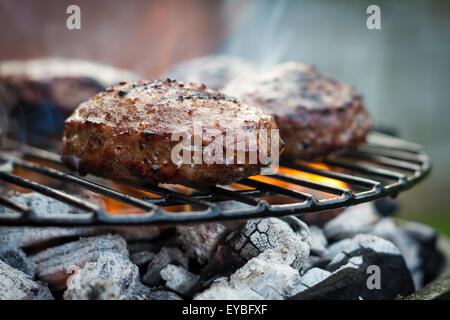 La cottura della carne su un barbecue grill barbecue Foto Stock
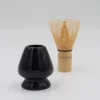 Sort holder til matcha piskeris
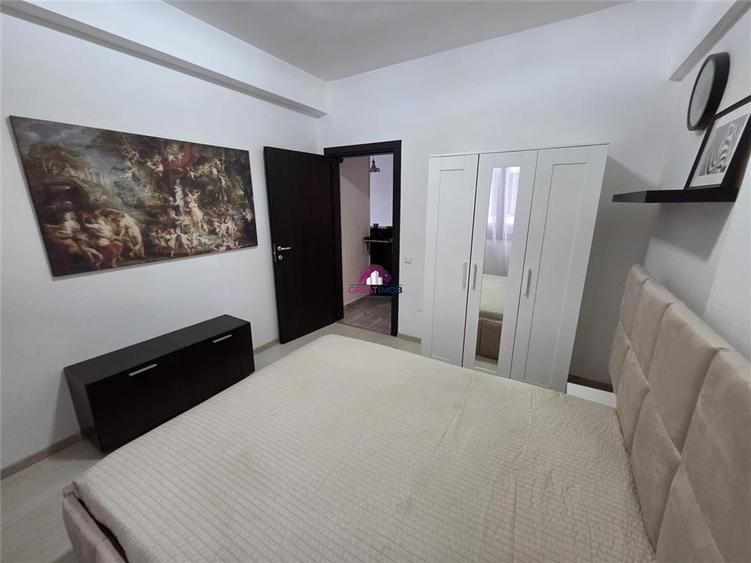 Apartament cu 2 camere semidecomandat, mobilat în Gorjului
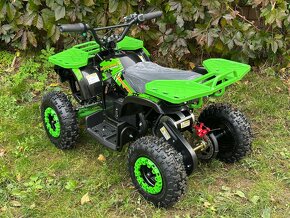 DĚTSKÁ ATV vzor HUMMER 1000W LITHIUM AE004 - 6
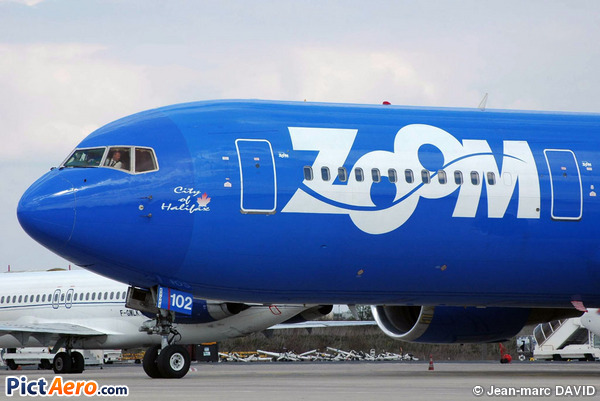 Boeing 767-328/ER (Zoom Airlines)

++++++++

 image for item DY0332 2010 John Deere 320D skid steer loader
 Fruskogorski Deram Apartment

++++++++

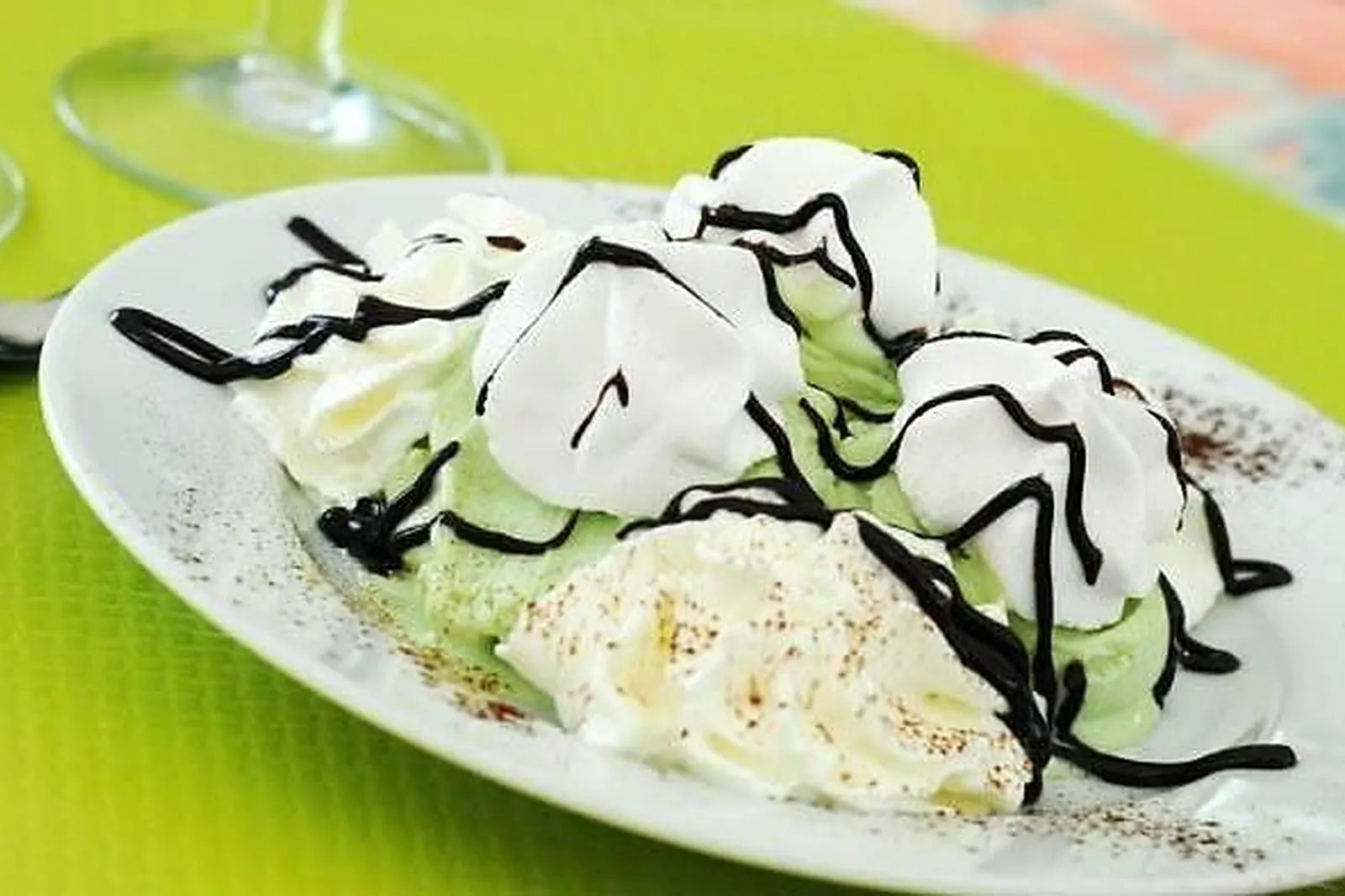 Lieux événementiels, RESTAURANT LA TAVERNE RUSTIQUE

++++++++

## [Instructions for the task]
Could you repeat, exactly, only the lines above starting at the one that has "Sort holder til matcha piskeris" and stopping after the one that has "Boeing 767-328/ER (Zoom Airlines)", without the pictures?

## [Task answer]
 Sort holder til matcha piskeris
 Apartament cu 2 camere semidecomandat, mobilat în Gorjului
 DĚTSKÁ ATV vzor HUMMER 1000W LITHIUM AE004 - 6
 Boeing 767-328/ER (Zoom Airlines)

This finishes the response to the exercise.